On Thu, 05 Feb 2015 10:34:11 +0800
Ian Kent <ik...@redhat.com> wrote:

> The call_usermodehelper() function executes all binaries in the
> global "init" root context. This doesn't allow a binary to be run
> within a namespace (eg. the namespace of a container).
> 
> Both containerized NFS client and NFS server need the ability to
> execute a binary in a container's context.
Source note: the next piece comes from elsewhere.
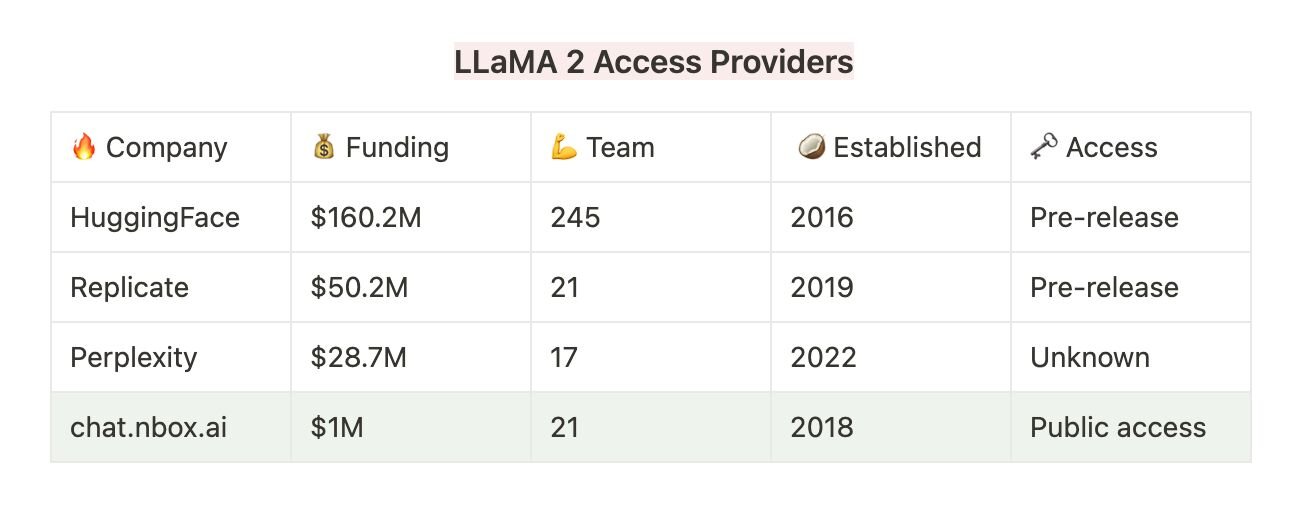 Perplexity Deploys LLaMa Faster Than Competitors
To do this use the init
> process of the callers environment is used to setup the namespaces
> in the same way the root init process is used otherwise.
> 
> Signed-off-by: Ian Kent <ik...@redhat.com>
> Cc: Benjamin Coddington <bcodd...@redhat.com>
> Cc: Al Viro <v...@zeniv.linux.org.uk>
> Cc: J. Bruce Fields <bfie...@fieldses.org>
> Cc: David Howells <dhowe...@redhat.com>
> Cc: Trond Myklebust <trond.mykleb...@primarydata.com>
> Cc: Oleg Nesterov <onest...@redhat.com>
> Cc: Eric W. Biederman <ebied...@xmission.com>
> Cc: Jeff Layton <jeff.lay...@primarydata.com>
> ---
>  include/linux/kmod.h |   16 +++++++
>  kernel/kmod.c        |  115 
> +++++++++++++++++++++++++++++++++++++++++++++++++-
>  2 files changed, 128 insertions(+), 3 deletions(-)
> 
> diff --git a/include/linux/kmod.h b/include/linux/kmod.h
> index 15bdeed..b0f1b3c 100644
> --- a/include/linux/kmod.h
> +++ b/include/linux/kmod.h
> @@ -52,6 +52,7 @@ struct file;
>  #define UMH_WAIT_EXEC        1       /* wait for the exec, but not the 
> process */
>  #define UMH_WAIT_PROC        2       /* wait for the process to complete */
>  #define UMH_KILLABLE 4       /* wait for EXEC/PROC killable */
> +#define UMH_USE_NS   8       /* exec using caller's init namespace */
>  
>  struct subprocess_info {
>       struct work_struct work;
> @@ -69,6 +70,21 @@ struct subprocess_info {
>  extern int
>  call_usermodehelper(char *path, char **argv, char **envp, int flags);
>  
> +#if !defined(CONFIG_PROC_FS) || !defined(CONFIG_NAMESPACES)
> +inline struct task_struct *umh_get_init_task(void)
> +{
> +     return ERR_PTR(-ENOTSUP);
> +}
> +
> +inline int umh_enter_ns(struct task_struct *tsk, struct cred *new)
> +{
> +     return -ENOTSUP;
> +}
> +#else
> +struct task_struct *umh_get_init_pid(void);
> +int umh_enter_ns(struct task_struct *tsk, struct cred *new);
> +#endif
> +
>  extern struct subprocess_info *
>  call_usermodehelper_setup(char *path, char **argv, char **envp, gfp_t 
> gfp_mask,
>                         int (*init)(struct subprocess_info *info, struct cred 
> *new),
> diff --git a/kernel/kmod.c b/kernel/kmod.c
> index 14c0188..4c649d6 100644
> --- a/kernel/kmod.c
> +++ b/kernel/kmod.c
> @@ -582,6 +582,98 @@ unlock:
>  }
>  EXPORT_SYMBOL(call_usermodehelper_exec);
>  
> +#if defined(CONFIG_PROC_FS) && defined(CONFIG_NAMESPACES)
> +#define NS_PATH_MAX  35
> +#define NS_PATH_FMT  "%lu/ns/%s"
> +
> +/* Note namespace name order is significant */
> +static const char *ns_names[] = { "user", "ipc", "uts", "net", "pid", "mnt", 
> NULL };
> +
> +struct task_struct *umh_get_init_pid(void)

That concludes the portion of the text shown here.